What is expected: Below are some records. Output the lines from the first one through the line that holds "Two is altruism.", exactly as written, with no pictures.

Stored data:

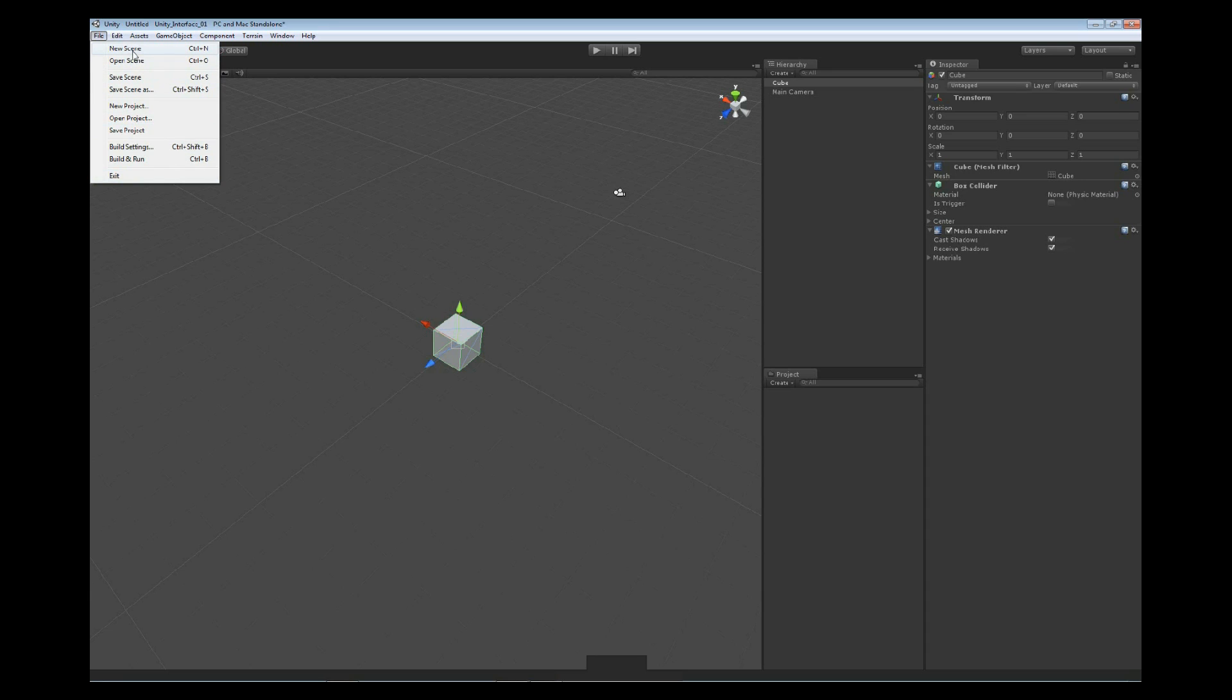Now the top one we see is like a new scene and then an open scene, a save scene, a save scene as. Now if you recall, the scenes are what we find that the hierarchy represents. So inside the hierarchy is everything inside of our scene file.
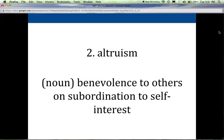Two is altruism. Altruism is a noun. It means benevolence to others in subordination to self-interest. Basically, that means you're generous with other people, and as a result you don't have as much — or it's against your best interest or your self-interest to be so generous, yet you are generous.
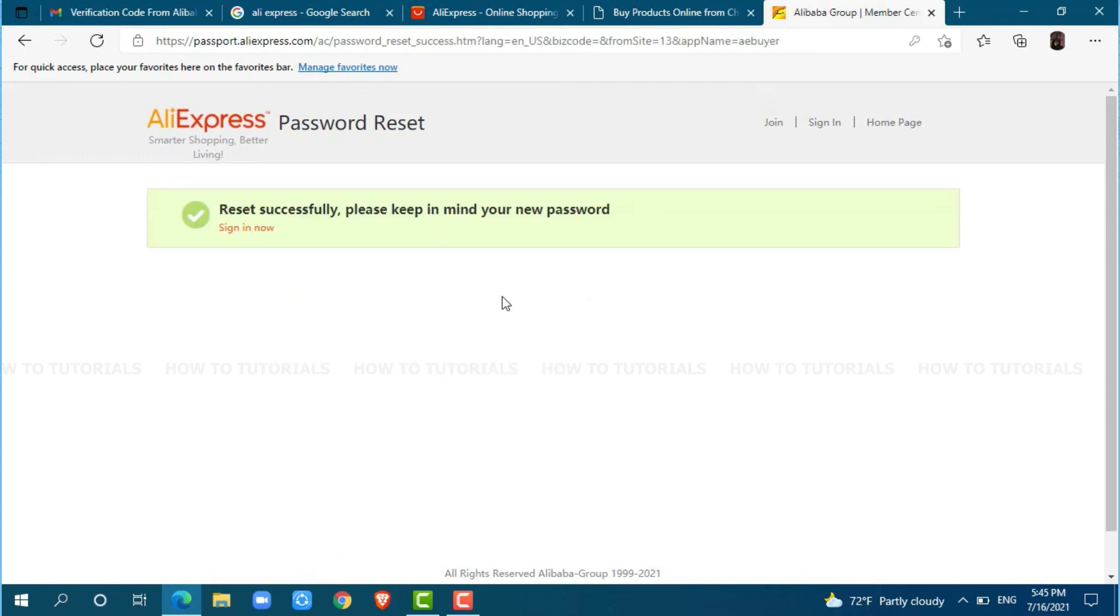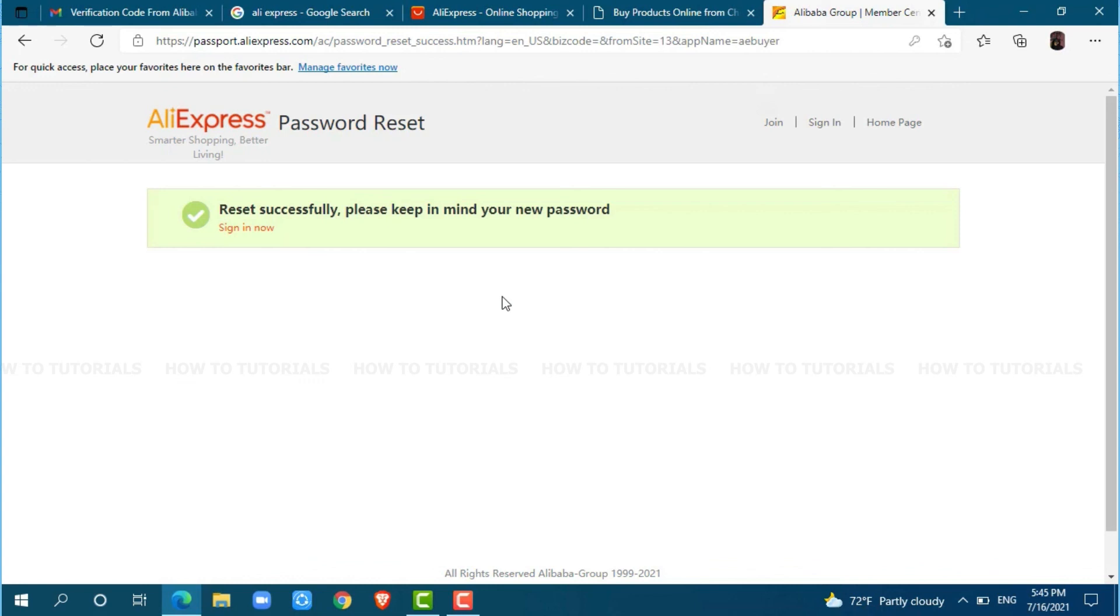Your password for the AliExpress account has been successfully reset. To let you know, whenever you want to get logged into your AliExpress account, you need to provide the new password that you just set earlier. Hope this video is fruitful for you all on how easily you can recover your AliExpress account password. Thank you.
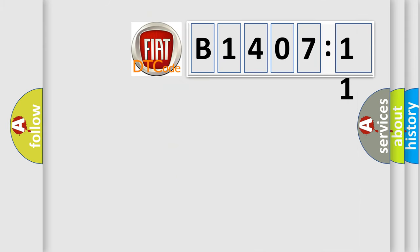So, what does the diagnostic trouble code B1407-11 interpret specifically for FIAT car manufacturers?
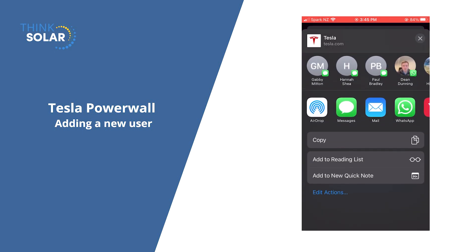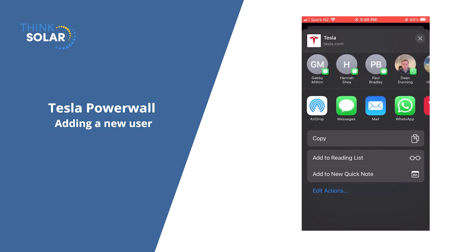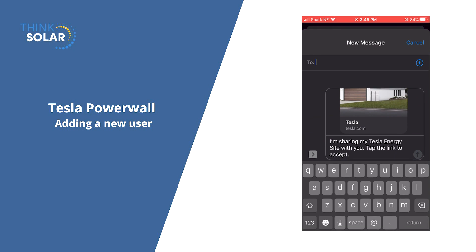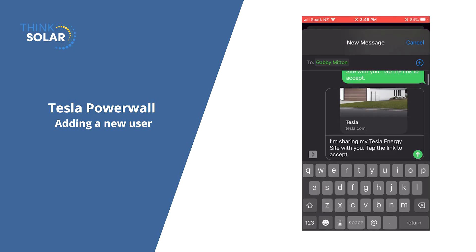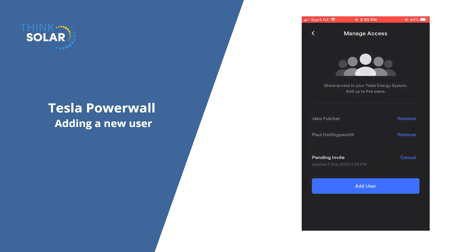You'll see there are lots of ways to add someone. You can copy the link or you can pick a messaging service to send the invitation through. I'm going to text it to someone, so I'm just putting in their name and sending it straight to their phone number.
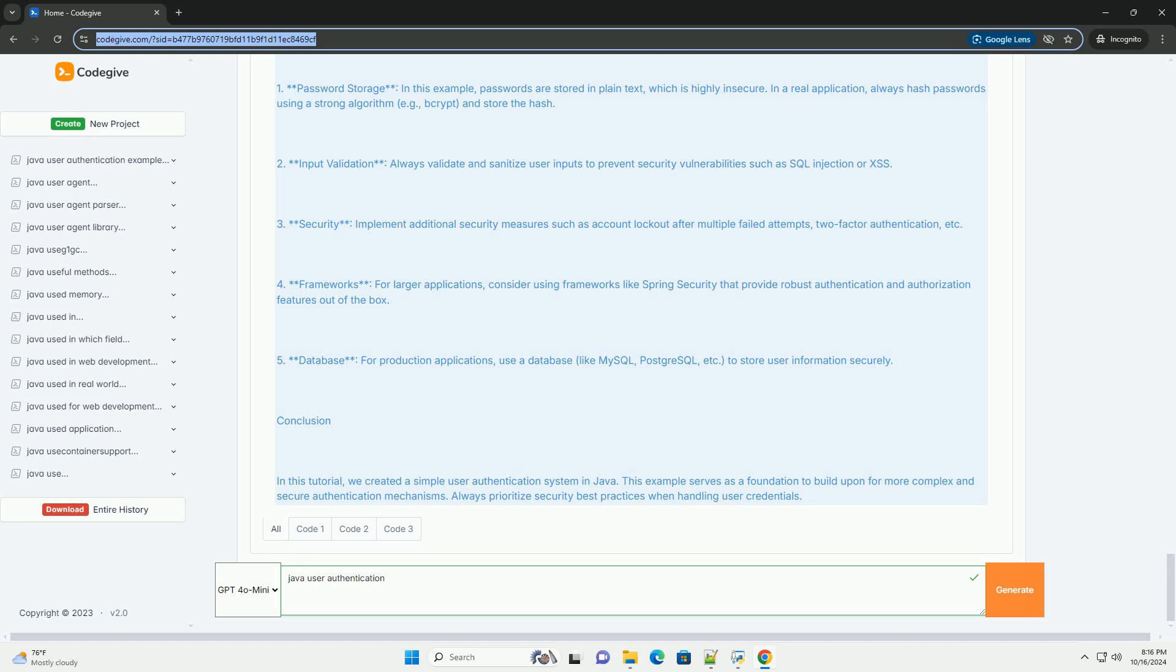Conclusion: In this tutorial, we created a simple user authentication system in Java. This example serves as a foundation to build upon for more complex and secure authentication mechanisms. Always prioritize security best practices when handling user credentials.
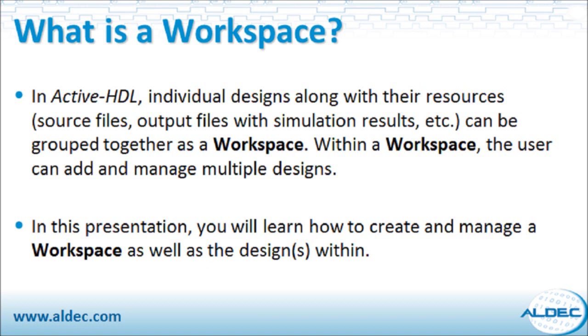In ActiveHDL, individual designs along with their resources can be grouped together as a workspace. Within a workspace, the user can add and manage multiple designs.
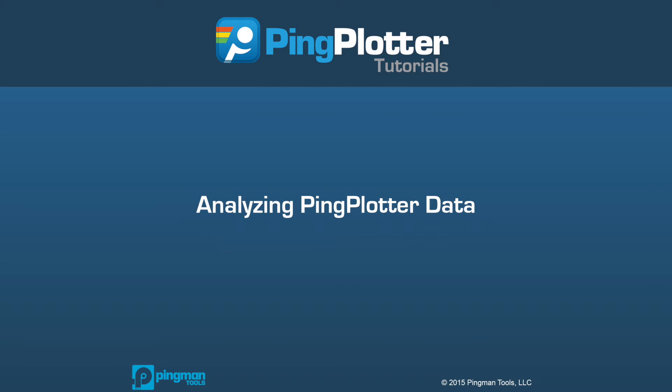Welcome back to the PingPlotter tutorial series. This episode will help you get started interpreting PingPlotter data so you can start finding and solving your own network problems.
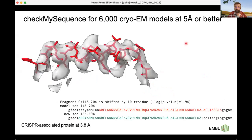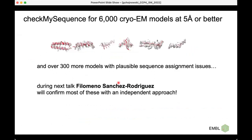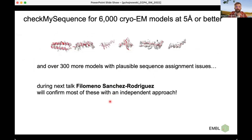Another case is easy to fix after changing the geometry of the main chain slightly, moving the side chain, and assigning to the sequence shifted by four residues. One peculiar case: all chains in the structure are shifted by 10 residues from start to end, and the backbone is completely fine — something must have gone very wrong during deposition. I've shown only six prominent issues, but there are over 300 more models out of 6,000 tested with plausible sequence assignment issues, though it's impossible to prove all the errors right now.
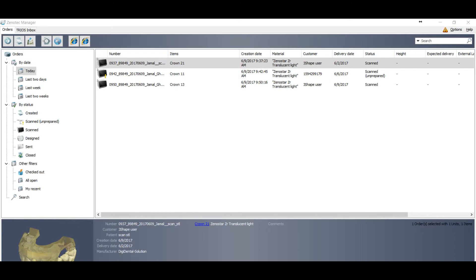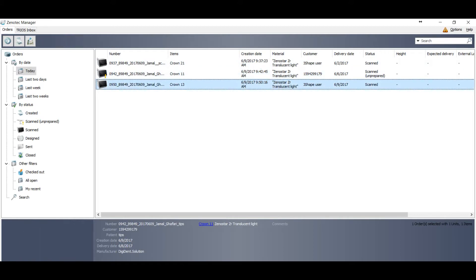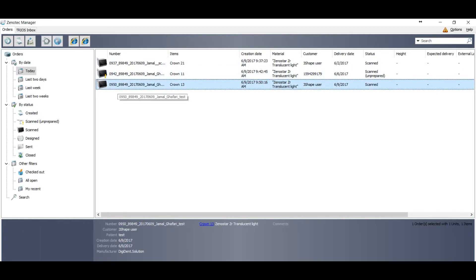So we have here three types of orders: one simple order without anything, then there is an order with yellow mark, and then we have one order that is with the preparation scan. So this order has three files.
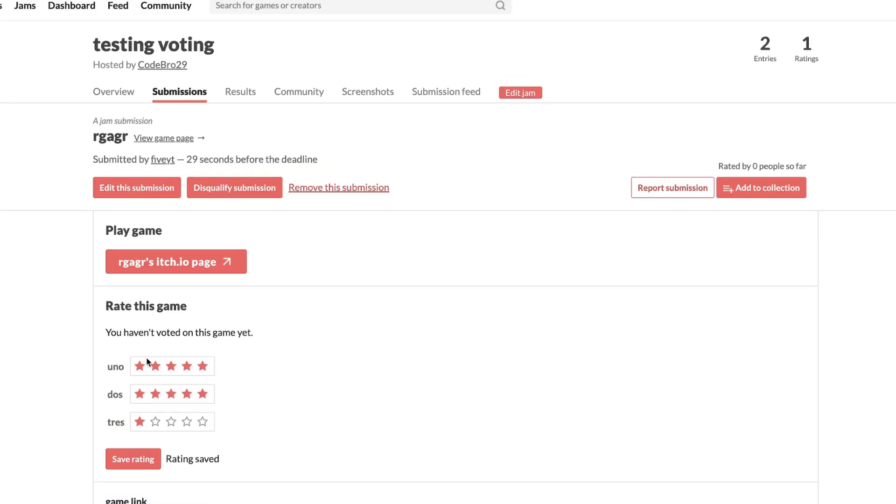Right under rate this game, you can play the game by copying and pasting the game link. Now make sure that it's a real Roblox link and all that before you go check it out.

Response to the task:
Now the top one we see is like a new scene and then an open scene, a save scene, a save scene as. Now if you recall, the scenes are what we find that the hierarchy represents. So inside the hierarchy is everything inside of our scene file.
Two is altruism. Altruism is a noun. It means benevolence to others in subordination to self-interest. Basically, that means you're generous with other people, and as a result you don't have as much — or it's against your best interest or your self-interest to be so generous, yet you are generous.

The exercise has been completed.